Rankin and Potelle are the best film teachers ever, because they so clearly show how to screw up the break of a lifetime. Be arrogant and ignorant. Ignore everyone from your writer to your studio bosses. Yell at your crew for not being able to read your mind, then give dumb orders. ("He's tellin' me where to put a microphone! I know where he can put a microphone!") Give opposing instructions to actors in the same scene, causing your female lead to lament, "Look at these guys! They don't know what they want!" Call pointless meetings for hours while you're losing the sunlight. Rewrite long monologues the last day of shooting, making the exhausted teen star incapable of nailing his lines. Deliver the final edit 30 minutes before the first public test screening, so the print can't be checked before 200 strangers see it and determine its fate. Badmouth the producer who's saving your ass daily. When J.Lo visits the set, be a bigger diva than she is.
Dim, dithering, charmless, and all but talentless, Rankin and Potelle are fascinatingly revolting characters, way more absorbing than anyone in Battle (which is included in the set along with all 13 episodes of the HBO series). Given that they made a halfway decent movie, imagine what you could do!
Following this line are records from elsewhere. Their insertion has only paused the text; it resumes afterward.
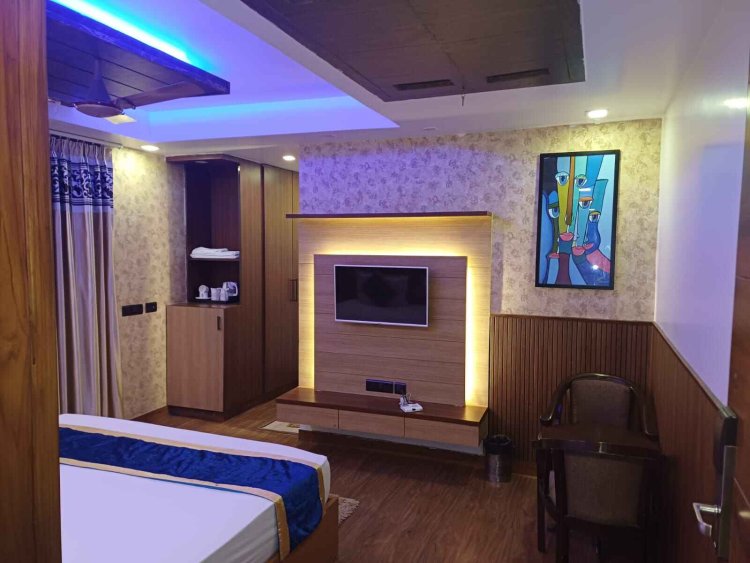 Book Hotels in Janakpuri West Delhi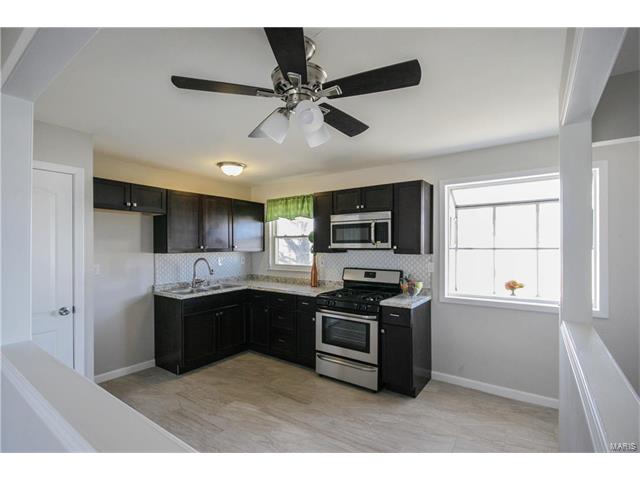4915 Tulip Tree Lane, Hazelwood, MO 63042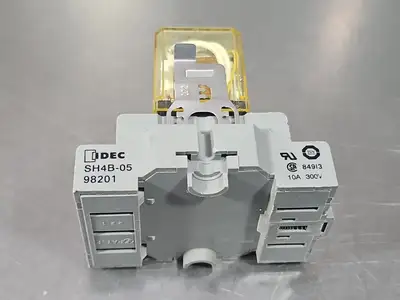 IDEC RH4B-UL- AC120V Relay w/ SH4B-05 Socket (LOT OF 2) Loc4D14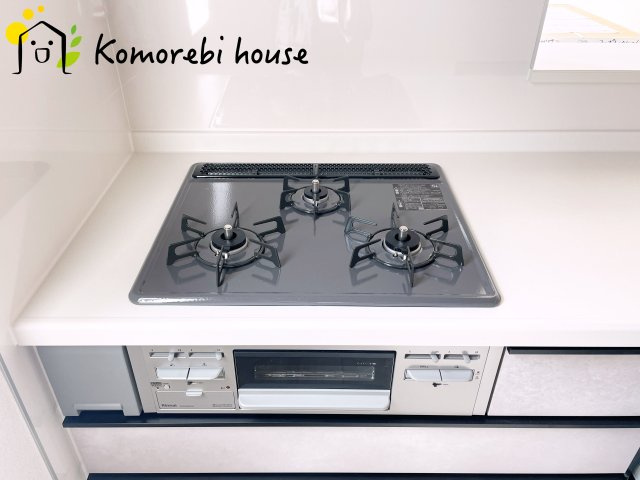 さいたま市大和田町　18期　新築一戸建て　グラファーレ　02のキッチン|26.3.7撮影済み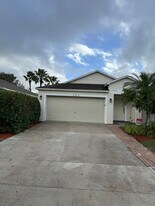 833 Greenleaf Cir in Vero Beach, FL - Building Photo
NOT MUCH BETTER is the lame '70s send-up Starsky & Hutch, on disc July 20 and also featuring Amy Smart. Also out: Lindsay Lohan in Confessions of a Teenage Drama Queen; Al Pacino in People I Know; Nicole Kidman and Anthony Hopkins in the wan Philip Roth adaptation The Human Stain; Owen Wilson in The Big Bounce; and the documentary How's Your News?, about mentally disabled TV reporters.